= Oxana Ionova =

Transnistrian economist

Oxana Ionova was the head of the state tax service of Transnistria and director of Transnistria's central bank from 2008 to 2011. She was born in Tiraspol on 3 June 1966. She started her work in the Ministry of Interior of Transnistria in 1994 as accountant. In 1997, she was appointed head of financial and economic department of the State Customs Committee of Transnistria. In 2000 President Igor Smirnov appointed Ionova as the new Minister of Revenues of Transnistria. After the reform of fiscal service and abolition of the separate ministry of revenues, Ionova was appointed head of state tax service of Transnistria. In 2008 President Smirnov proposed Ionova's candidature to the Supreme Council to be appointed as director of Transnistrian Republican Bank.

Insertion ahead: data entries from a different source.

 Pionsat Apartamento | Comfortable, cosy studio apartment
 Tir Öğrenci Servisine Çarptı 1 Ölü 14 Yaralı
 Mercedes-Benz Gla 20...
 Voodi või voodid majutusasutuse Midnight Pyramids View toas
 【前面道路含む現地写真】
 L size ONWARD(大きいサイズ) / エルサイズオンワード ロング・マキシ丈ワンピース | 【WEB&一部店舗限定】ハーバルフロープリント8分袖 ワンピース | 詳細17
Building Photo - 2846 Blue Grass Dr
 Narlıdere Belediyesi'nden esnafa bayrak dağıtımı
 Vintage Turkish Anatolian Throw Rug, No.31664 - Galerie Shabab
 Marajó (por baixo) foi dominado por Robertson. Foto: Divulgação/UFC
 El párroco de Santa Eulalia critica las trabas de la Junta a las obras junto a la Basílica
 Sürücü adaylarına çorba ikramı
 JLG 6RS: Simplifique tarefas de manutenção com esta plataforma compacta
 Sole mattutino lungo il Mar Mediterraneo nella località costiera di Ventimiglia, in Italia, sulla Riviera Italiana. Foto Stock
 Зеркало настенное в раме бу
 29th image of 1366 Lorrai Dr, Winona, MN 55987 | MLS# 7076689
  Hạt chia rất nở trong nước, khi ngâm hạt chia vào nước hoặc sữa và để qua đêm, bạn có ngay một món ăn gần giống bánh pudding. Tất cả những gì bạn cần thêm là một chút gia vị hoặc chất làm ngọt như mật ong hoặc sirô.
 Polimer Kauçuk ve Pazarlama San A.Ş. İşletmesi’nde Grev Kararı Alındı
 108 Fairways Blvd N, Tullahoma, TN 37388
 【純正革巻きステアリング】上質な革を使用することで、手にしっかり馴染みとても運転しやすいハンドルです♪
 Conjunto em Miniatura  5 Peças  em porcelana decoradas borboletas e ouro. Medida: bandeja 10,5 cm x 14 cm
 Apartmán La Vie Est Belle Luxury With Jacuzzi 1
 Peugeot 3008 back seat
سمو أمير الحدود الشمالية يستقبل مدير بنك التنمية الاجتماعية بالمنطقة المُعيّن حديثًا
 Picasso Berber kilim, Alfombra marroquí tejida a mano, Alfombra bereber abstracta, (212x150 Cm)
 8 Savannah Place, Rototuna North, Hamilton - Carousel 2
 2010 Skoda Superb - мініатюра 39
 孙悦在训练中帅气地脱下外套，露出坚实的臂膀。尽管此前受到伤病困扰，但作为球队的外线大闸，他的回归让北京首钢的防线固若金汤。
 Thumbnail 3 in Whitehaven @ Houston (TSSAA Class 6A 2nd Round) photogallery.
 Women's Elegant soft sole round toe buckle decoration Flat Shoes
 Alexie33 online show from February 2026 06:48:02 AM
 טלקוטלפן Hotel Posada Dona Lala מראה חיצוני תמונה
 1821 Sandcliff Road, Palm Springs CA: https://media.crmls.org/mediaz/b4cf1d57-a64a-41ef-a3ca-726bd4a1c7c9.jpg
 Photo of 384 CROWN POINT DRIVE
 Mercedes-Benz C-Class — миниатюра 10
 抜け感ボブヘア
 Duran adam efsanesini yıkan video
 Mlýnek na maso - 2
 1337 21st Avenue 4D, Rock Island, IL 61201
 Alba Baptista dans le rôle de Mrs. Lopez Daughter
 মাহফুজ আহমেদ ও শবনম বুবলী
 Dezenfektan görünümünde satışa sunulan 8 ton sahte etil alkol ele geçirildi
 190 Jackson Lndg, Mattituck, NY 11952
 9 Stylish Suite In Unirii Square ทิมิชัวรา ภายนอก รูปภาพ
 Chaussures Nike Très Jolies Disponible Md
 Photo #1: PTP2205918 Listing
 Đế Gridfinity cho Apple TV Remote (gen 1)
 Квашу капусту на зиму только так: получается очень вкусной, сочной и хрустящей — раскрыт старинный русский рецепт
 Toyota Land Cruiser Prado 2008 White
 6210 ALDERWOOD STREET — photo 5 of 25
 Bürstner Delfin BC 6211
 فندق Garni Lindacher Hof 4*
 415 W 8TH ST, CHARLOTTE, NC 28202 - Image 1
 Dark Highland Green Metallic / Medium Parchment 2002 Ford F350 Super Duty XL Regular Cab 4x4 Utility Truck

Oxana Ionova was considered to be a 'purse' of Igor Smirnov and his family, a person through which money was laundered. In 2011 the Investigation Committee of the Russian Federation opened a criminal case against Ionova on a charge of embezzlement of 160 million rubles of Russian humanitarian aid. On 13 March 2012, after 2011 presidential elections in Transnistria when Igor Smirnov lost power, the Transnistrian authorities arrested Ionova on charges of embezzlement of state property, illegal business practices, abuse of power and forgery. It was reported that during search of her villa police exempted her collection of golden coins and gold bars. Her case went to court on 11 March 2013.